Whatever happened in that session could well become the stuff of legend if Braithwaite’s career takes off. In his middle age, Guardiola is occasionally a touch more laissez faire in his decision-making. Still maniacal in attention to detail but now confident enough given what’s gone before that he’ll throw in a teenager he’d never really clapped eyes on.

Braithwaite wasn’t afforded an easy introduction: Guardiola had him moving between left back and centre half depending on when City had possession. Yet for a youngster who joined the club aged eight, like the veteran Rico Lewis on the other flank, that is probably all natural and all he’s ever known. 

Braithwaite did breathe a sigh of relief when former Rochdale forward Kwadwo Baah barged him off the ball in a fashion deemed too zealous in the build-up to flashing past Stefan Ortega. A let-off and reminder of the jump in physicality.

Another academy graduate, James McAtee, had already engineered City’s first after five minutes when harassing the Watford back line and once Jack Grealish’s pressing nudged Ryan Porteous into selling his goalkeeper Jonathan Bond short, McAtee was on hand to nip in. Jeremy Doku steered into Bond’s far corner seconds later.

McAtee was involved in the second, tenaciously keeping a move going and allowing Lewis to feed Matheus Nunes six minutes before the break. Incredibly, his precise drive from 20 yards represented the Portuguese’s first for City in 34 games since a £53million switch from Wolves.

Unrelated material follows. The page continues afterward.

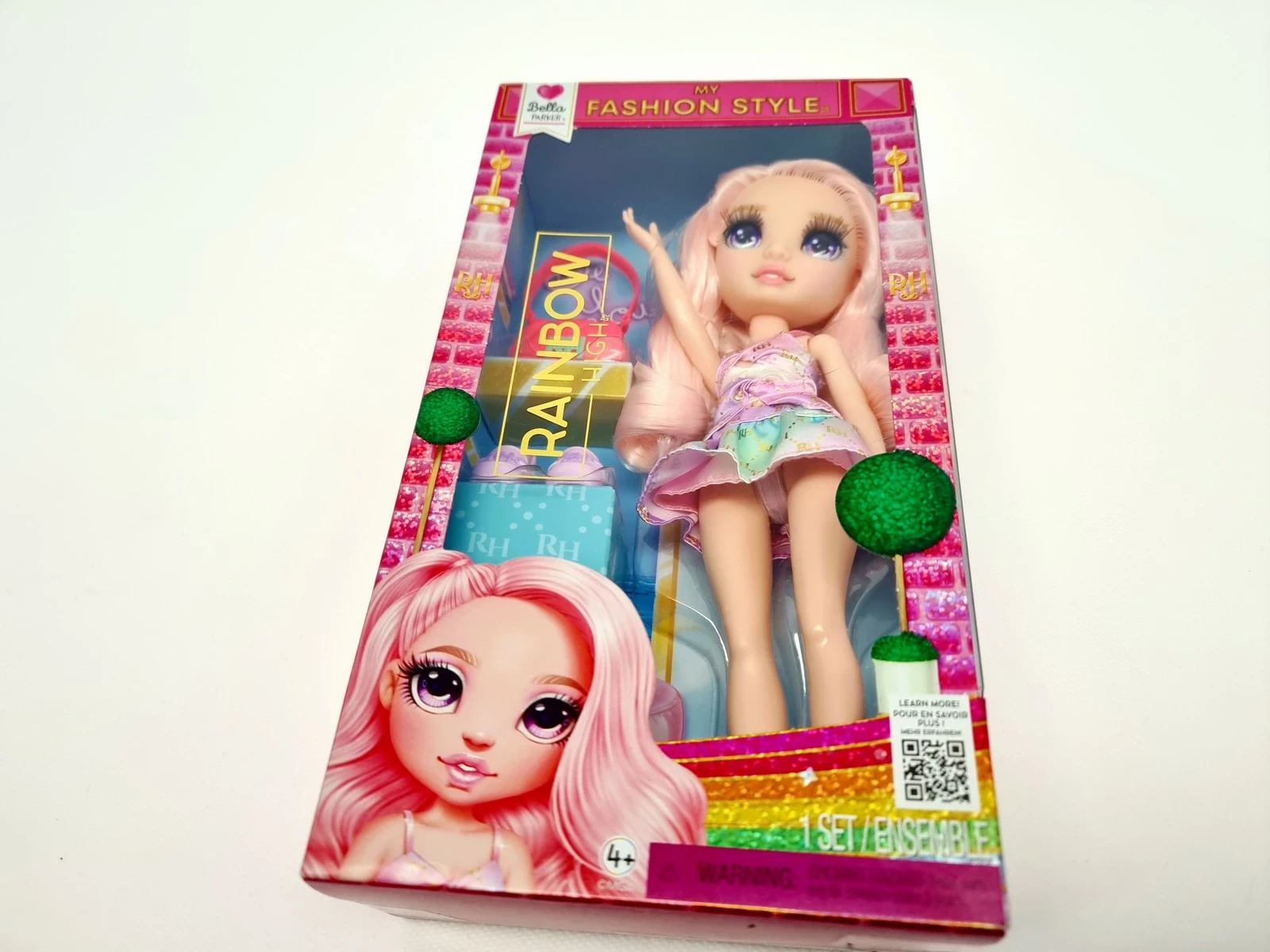 lalka-rainbow-high-fashion-style-bella-parker-dabrowszczakow-1811-sj-olsztyn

Cleverley’s Hornets, a blend of young and old, were sharp on the break – aside from Baah’s disallowed effort, Vakoun Bayo bulleted a header wide – but City’s fringe did enough. Even after Ince had wonderfully curled into Ortega’s far corner with four minutes left.

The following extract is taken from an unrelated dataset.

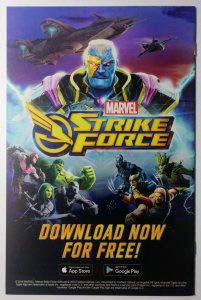 Deadpool #5 (9.0, 2018) Garbage Pal Kids Cover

Bond had flung himself left and right, Ince heading half time substitute Savinho’s shot off the line before the Brazilian struck a post at the end of a 70-yard run. Although Cleverley relished testing himself against the best, in a stadium that is not exactly his favourite, Watford have a more important game against Sunderland at the weekend.

City will have Erling Haaland back in the fold for their match, the Saturday early kick-off at Newcastle United, after the striker was given compassionate leave to attend close friend Ivar Eggja’s funeral in Norway.

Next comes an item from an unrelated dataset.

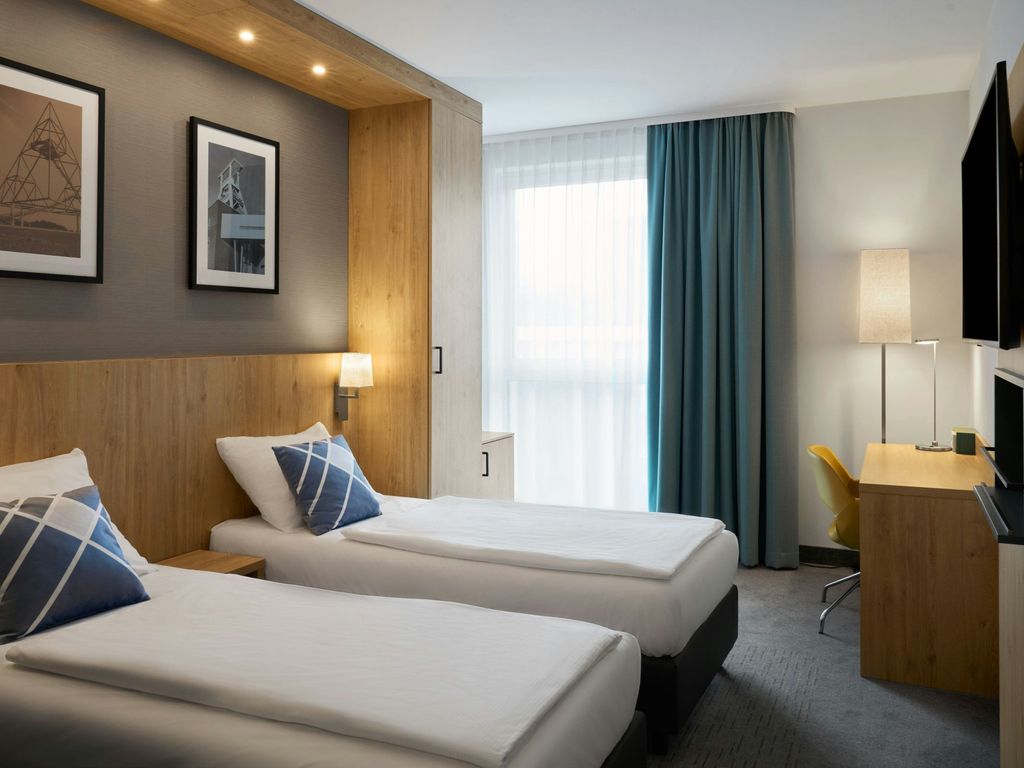 Four Points Flex by Sheraton Bochum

Foden filled the false nine role in Haaland’s absence, linking nicely with McAtee just off him, and there will come more nights when Guardiola needs to lean on old habits. Because Haaland cannot start them all. Such is the way these days, none of them can start them all. The guy who was most likely to has done his knee. Play many more with this sort of turnaround and a few more will do theirs.